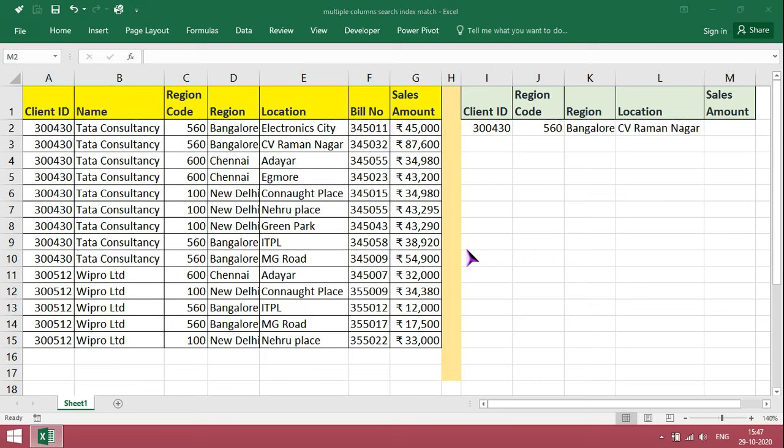Hi viewers, welcome to our channel RJSinfo. In this video, I am going to show you how to use index match function with multiple criteria or multiple columns. Before starting our video, please do subscribe. Thank you.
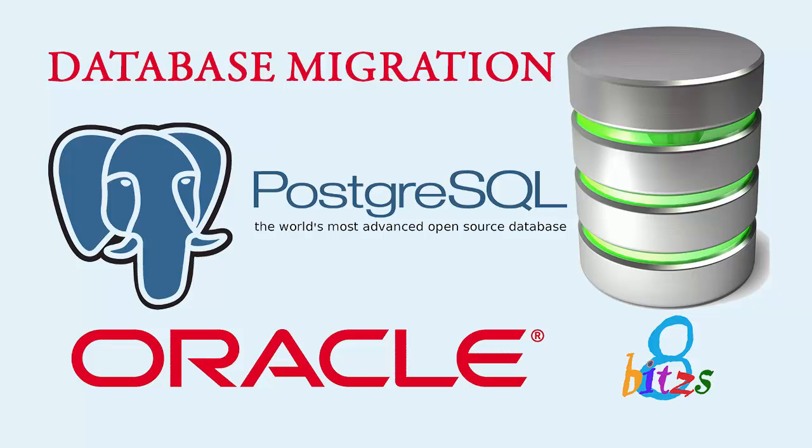Hello everyone, welcome to 8 bits. In this video I'm going to tell the difference between Oracle and PostgreSQL in query language. Both are similar, but Oracle and PostgreSQL queries are a little bit different.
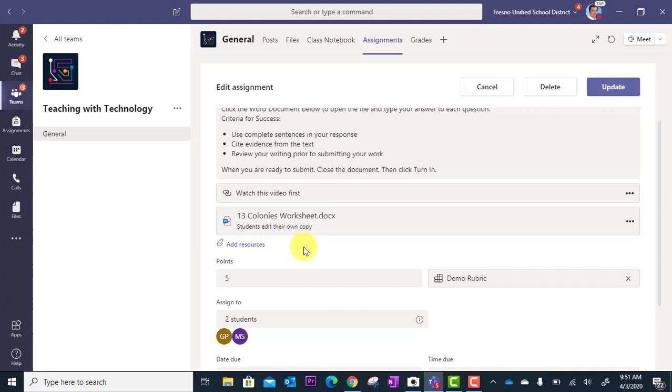Okay, and then I'm good to go here. The next thing we'll look at is your points and rubric.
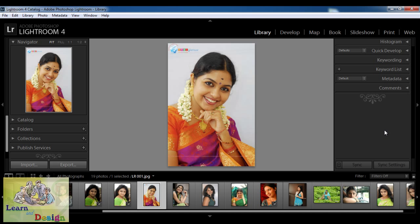Hello, in this lesson we are going to make soft skin or soft face with a very easy method in Lightroom.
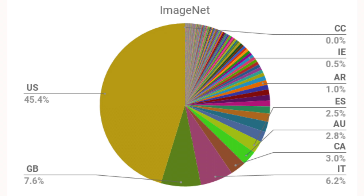ImageNet is an example of a skewed dataset — a large set of images used to train image recognition models. Concepts like taxis, weddings, and restaurants are represented in the dataset, and the appearance of these can vary greatly across countries. The problem is that the majority of the images come from North America and Europe, resulting in poorer performing computer vision models for other places.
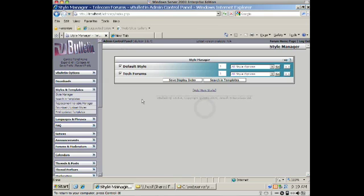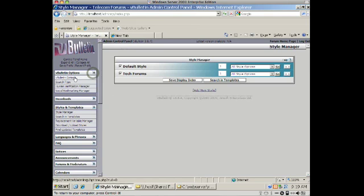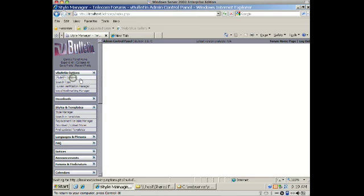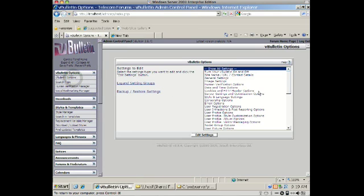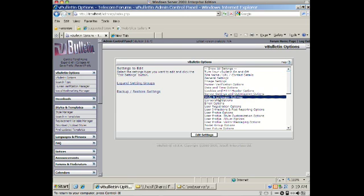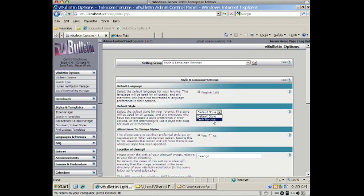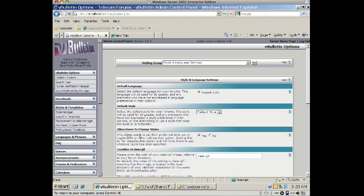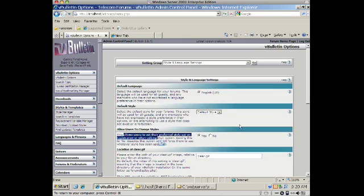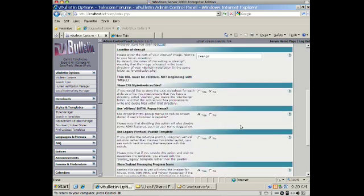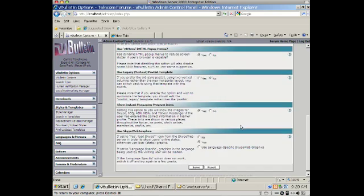Now another thing that we need to do is go to the vBulletin options and make sure that the user can select. We're going to do this just for testing purposes right now, but you may want to lock in a user to a certain one to use. Right now it's locked in or it's default style, but I could lock in and say TechForums is the default. But just for testing purposes, I want to make sure this is set to yes. This allows users to change their styles from default style to TechForums and vice versa. So we're going to save.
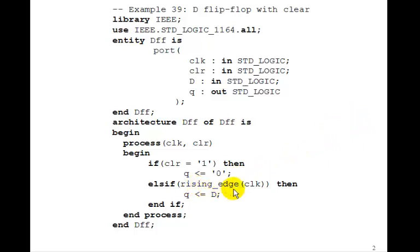Now this function, rising edge of clock, will work. It turns out, for historical reasons, we normally don't use it. And in the next lesson, we'll see what we usually use to indicate a rising edge of the clock.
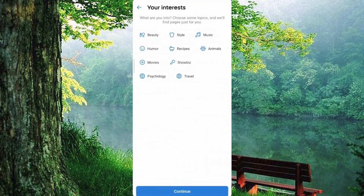And just like that, your VK account is ready to go. Dive in and start exploring all the great features VK has to offer.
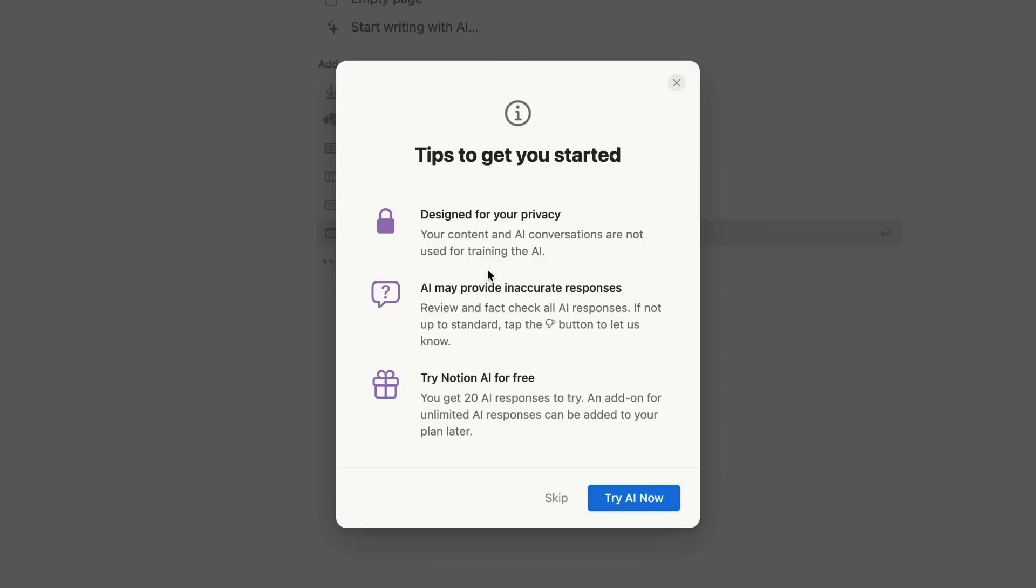The AI may provide inaccurate results, but more indefinitely, they are allowing you to try it for free to get 20 AI responses to try. Then you can add an add-on for unlimited AI responses to be added to your plan later.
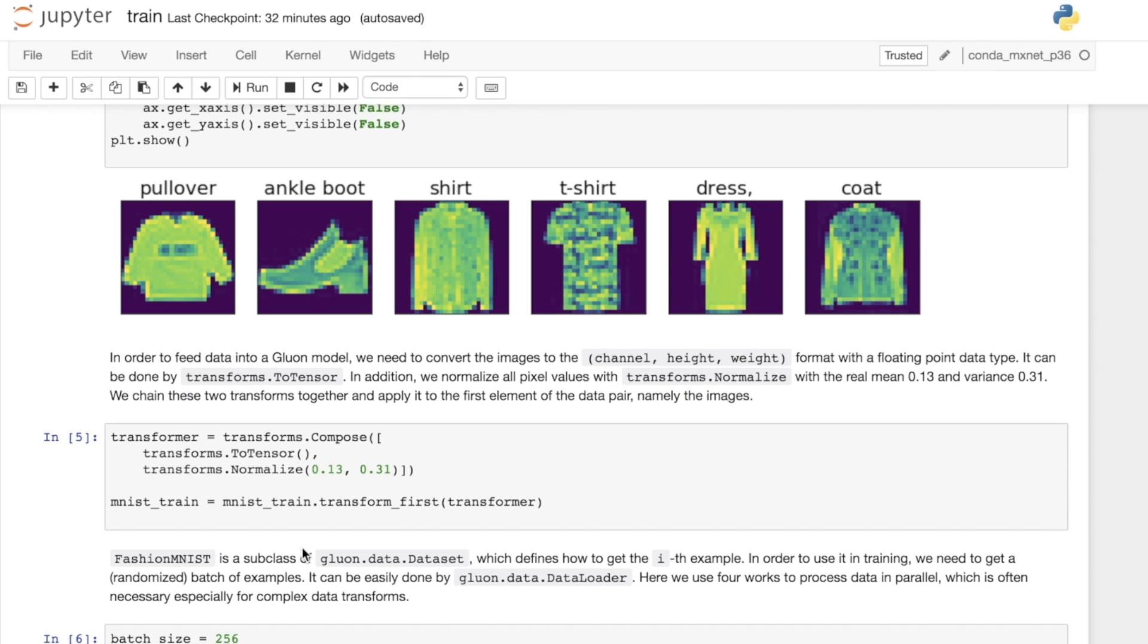We might need to do a few tweaks to the dataset, and we've got the transforms package to help us. We want to first make sure the channels and the height and the width are in the right order for our model. Typically when we load data from disk, we're going to get height, width, channel. But for our machine learning models, we want the channel before the height and the width, so we need to do this transform operation.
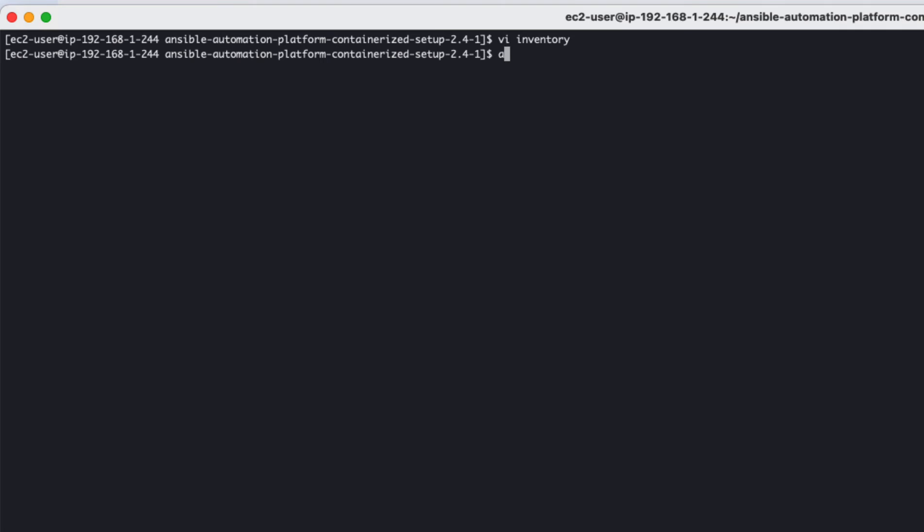With everything set in the inventory file, it's time to run our Ansible playbook to do the installation of AAP containerized. This can take 5 to 15 minutes depending on the resources available on your system.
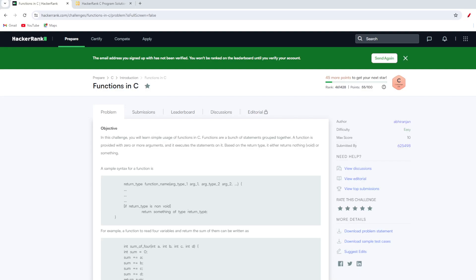Hello everyone, welcome to another video by Coders Daily. In this video we are going to solve another HackerRank.com problem which is known as 'Functions in C'. Let's get started and understand the problem statement. They have written that in this challenge you will learn simple usage of functions in C. Functions are a bunch of statements grouped together, provided with zero or more arguments. Based on the return type, it either returns nothing (void) or something.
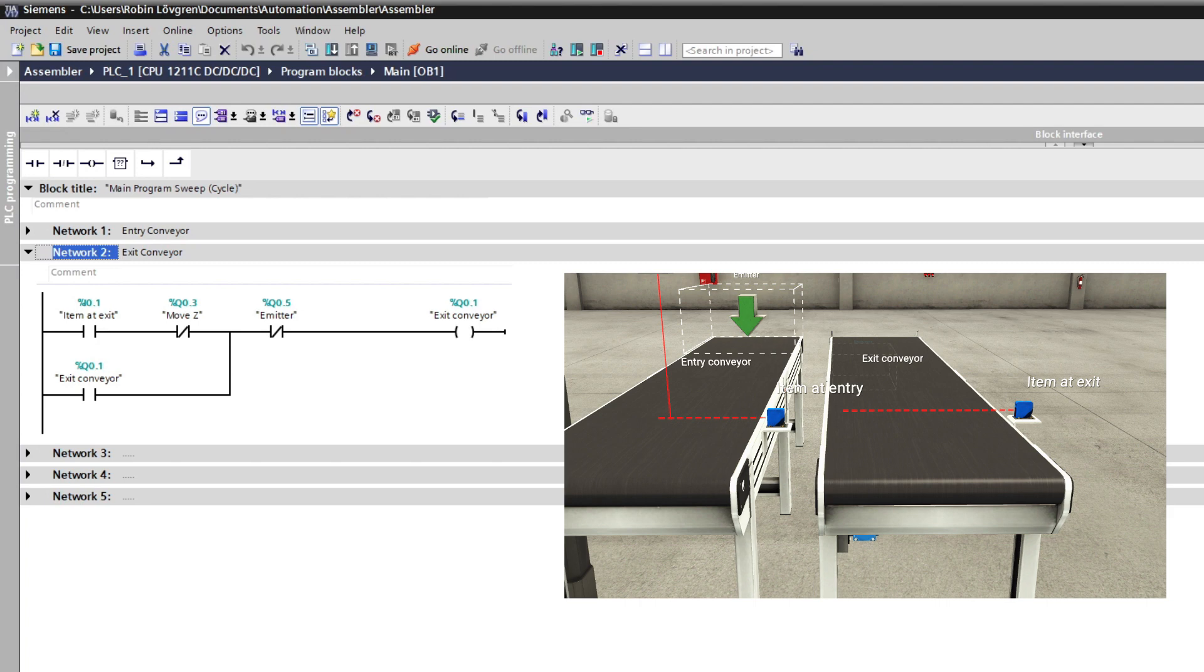The exit conveyor will start once the exit sensor gets occupied. I also added so the arm shouldn't be moved down to be sure it is on the way up before the conveyor is starting. And it will latch itself until I spawn another item.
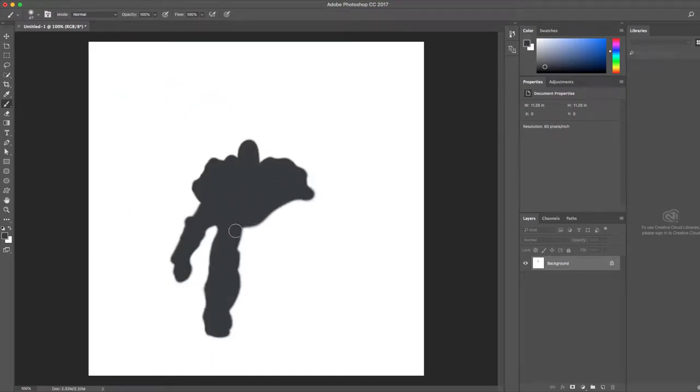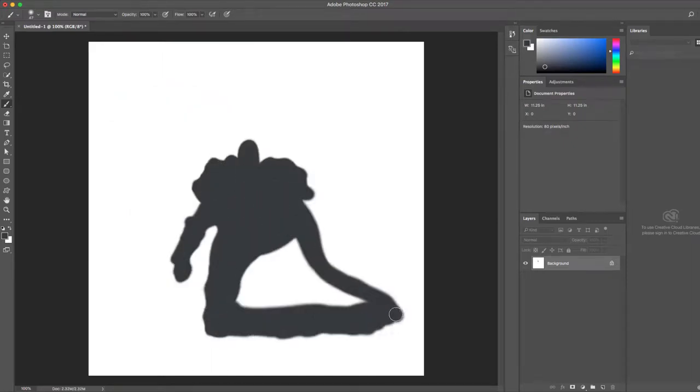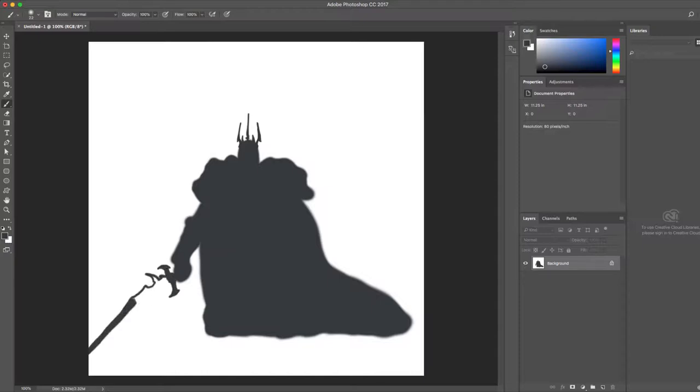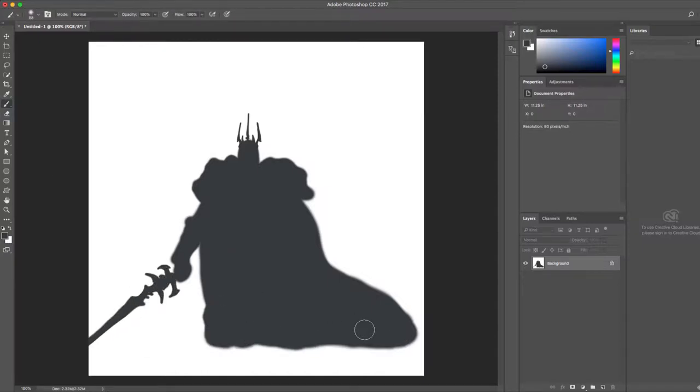Hey guys, this is Miles and welcome to today's video. This time around I'm going to be speedpainting Arthas Menethel, otherwise known as the former Lich King from the World of Warcraft universe.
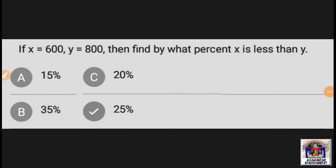If x is equal to 6 and y is equal to 8, then find by what percent x is less than y?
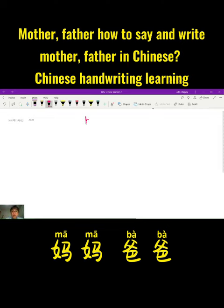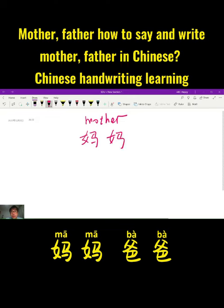I will first write about mother. How to write it in Chinese? Mama. So it's very easy, right? There are two duplicate characters — mama — which means mother. So in Chinese phonics, Pinyin, it's mama, which means mother.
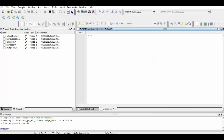We begin our programming by defining the module name as full subtractor, and within that we define the ports that are required: input one, input two, borrow, and the output ports such as subtract and borrow out.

• **Directions for this task**: Pictures excluded, print only the lines from the one with "If x is equal" through the end of the entries above, exactly as written.

• **Exercise response**:
If x is equal to 6 and y is equal to 8, then find by what percent x is less than y?
I will first write about mother. How to write it in Chinese? Mama. So it's very easy, right? There are two duplicate characters — mama — which means mother. So in Chinese phonics, Pinyin, it's mama, which means mother.
We begin our programming by defining the module name as full subtractor, and within that we define the ports that are required: input one, input two, borrow, and the output ports such as subtract and borrow out.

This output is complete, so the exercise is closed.